DeKalb Felony Obstruction

Felony Obstruction is more serious under Georgia law.  If you make violent contact with an officer in the process of he or she discharging their legal duties, or you threaten violence on an officer, you may be charged with felony obstruction of justice. Felony obstruction, both in DeKalb and across the State, carries a mandatory one-to-five year sentence for a first offense. It is a mandatory 2 to 10 years on a second offense, and 3 to 15 years on a third.
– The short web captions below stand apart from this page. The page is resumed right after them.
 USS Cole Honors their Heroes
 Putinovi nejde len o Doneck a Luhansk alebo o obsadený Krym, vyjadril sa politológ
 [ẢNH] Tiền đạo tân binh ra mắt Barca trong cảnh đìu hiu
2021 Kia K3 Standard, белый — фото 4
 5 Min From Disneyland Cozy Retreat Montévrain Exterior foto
Both felony and misdemeanor Obstruction cases are taken seriously in the DeKalb County justice system and throughout the State. There are, however, defenses. For example, it is not against the law to obstruct a police officer during an unlawful arrest. Obstruction of justice is a fact-based inquiry under Georgia law. If you have been charged with obstruction, call us today at 404-581-0999 so we can get you into the office for a free consultation.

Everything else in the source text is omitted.